O. leptinoides gosta de mordiscar ao redor pecíolo (o talo que prende uma folha a um caule) ou um tronco de árvore para fazer um cinto. O que ele faz a seguir é revestir o anel de tecido exposto com um fluido. Pesquisa por Dussourd et al. no mês passado Interações artrópodes-planta revela que esse fluido é a saliva. A maneira como descobriram foi pegando lagartas e bloqueando várias glândulas para ver quais são importantes. A resposta são as glândulas salivares labiais, então elas estão efetivamente cuspindo na cintura - mas por quê?

Entre os papéis Dussourd et al. consulte a revisão do ano passado em Annals of Botany Mecanismos e consequências ecológicas da indução e supressão de defesa vegetal em comunidades de herbívoros por Kant et al.. kant et al. discutir alguns tipos de defesas vegetais. Defesas constitutivas são defesas que a planta já fez. Eles podem não estar ativos, mas podem ser ativados e funcionar com custo de ativação relativamente baixo. Porém, para essas defesas estarem prontas a fábrica tem que ter recursos alocados para fazê-las, obviamente. É um esforço que poderia ter sido feito em outro lugar para trabalhar para a fábrica.

O outro tipo de defesa são as defesas induzidas. Estas são as coisas que a planta faz quando está sob ataque. Isso significa que se a planta não for atacada ela não gasta energia fazendo as defesas. Isso também significa que as defesas podem ser mais potentes, pois os produtos químicos tóxicos para os invasores também podem não ter um efeito desejável na planta.

A resposta de defesa da planta.
Respostas de defesa de plantas por Kant et al. Veja o artigo original para detalhes.

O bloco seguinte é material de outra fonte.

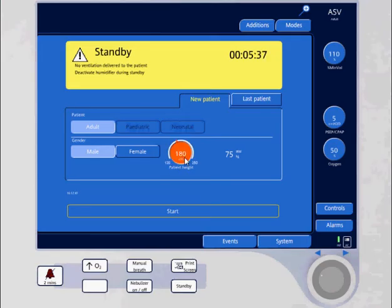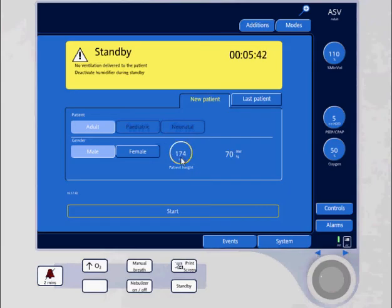I'm changing the height to 174 centimeters. This is a patient that's 5 foot 9 inches, and the ideal body weight is 70 kilograms.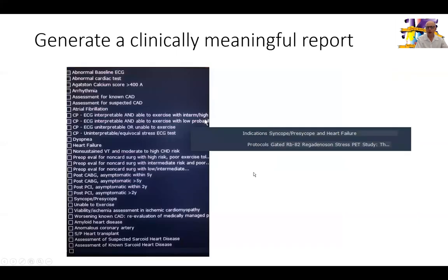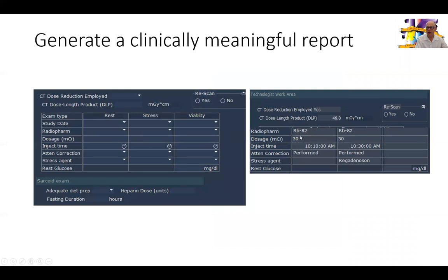Then we generate the clinically meaningful report. The indication for this test was presyncope with heart failure. The test performed was pharmacological adenosine rest and stress PET imaging. The DLP was 46, rest and stress dose was 30 — our standard dose for rubidium in our lab.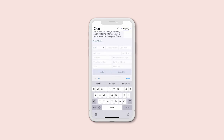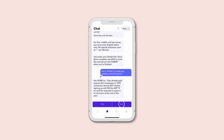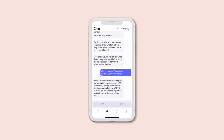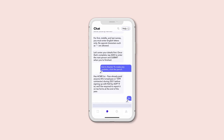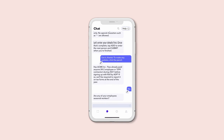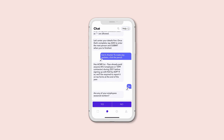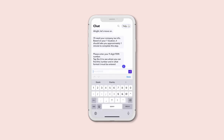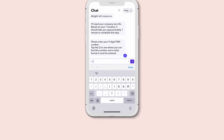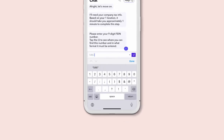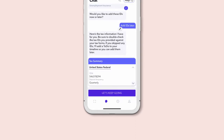And remember, you can always add more employees later by chatting 'hire someone.' You'll also need to enter the company's federal tax ID number, and any applicable state and local tax IDs, so Roll can file and deposit your payroll taxes.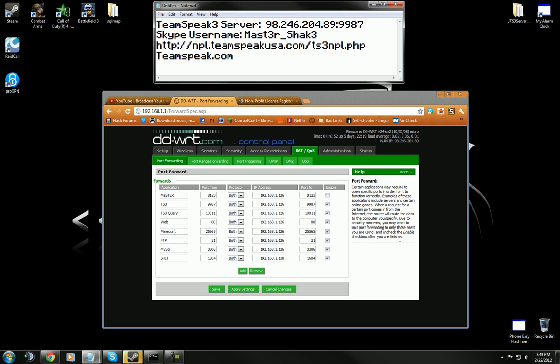I had a couple of complaints in my other videos saying that there was no way that their friends could connect. And that's not true. They can connect, you just have to port forward first. If you set up your TeamSpeak and for some reason nobody can connect, that means you've got to port forward.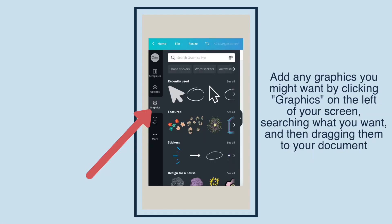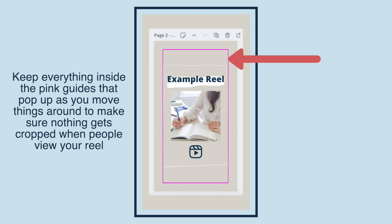Add any graphics you might want by clicking Graphics on the left of your screen, searching what you want, and then dragging them to your document. Keep everything inside the pink guides that pop up as you move things around to make sure nothing gets cropped when people view your Reel.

Kant et al observe que existem algumas maneiras diretas pelas quais um herbívoro pode combater as defesas das plantas, eles podem diminuir sua exposição a toxinas ou diminuir sua sensibilidade a elas, mas também dizem que há algo mais que um herbívoro pode fazer. As defesas induzidas levam tempo para serem construídas. Se um herbívoro pudesse interferir na sinalização de uma planta, eles poderiam impedir que as defesas acontecessem. kant et al mencionam nematóides que podem suprimir jasmonatos e ácido salicílico, ambos usados ​​pelas plantas como hormônios para desencadear defesas, o que abre novas áreas de pesquisa. Em particular, eles observam:

A supressão da defesa da planta por herbívoros é um fenômeno amplamente inexplorado, mas, juntamente com a indução, pode desempenhar um papel profundo nas interações indiretas mediadas pela planta que determinam a estrutura da comunidade no filosfera.

…e é aqui que Dussourd et al. pegar o bastão. Eles dizem:

…esses compostos presumivelmente funcionam para suprimir as respostas defensivas das plantas normalmente provocadas pela alimentação da lagarta.

…mas eles não têm certeza exatamente de quais defesas estão sendo interrompidas. Uma delas é a produção de polifenóis, em particular juglones, que reduzem o crescimento de algumas lagartas. Outra possibilidade é a produção de voláteis. Isso pode sinalizar para parasitas ou predadores que a árvore Pecan é um excelente lugar para caçar lagartas. Se for esse o caso, a lagarta faria bem em impedir que esses sinais saíssem.

Eles também mencionam na conclusão que O. leptinoides fazer mais do que fazer cintos. Às vezes, eles cortam um pecíolo antes de comerem toda a folha. O que eles fazem a seguir é passar o tempo salivando sobre o toco, novamente sugerindo que estão colocando algo na árvore para suprimir as defesas.

Pegar um balde de saliva de lagarta para examinar o efeito que ela tem sobre as nozes parece muito trabalhoso, mas pode muito bem ser um projeto importante. Se os botânicos puderem encontrar uma maneira de ajudar uma noz-pecã a combater a saliva de uma lagarta, isso ajudaria efetivamente a árvore a produzir seus próprios pesticidas naturais. Esperançosamente, soluções semelhantes seriam possíveis para outras plantas, para dar às pessoas mais algumas ferramentas para ajudar a combater herbívoros indesejados.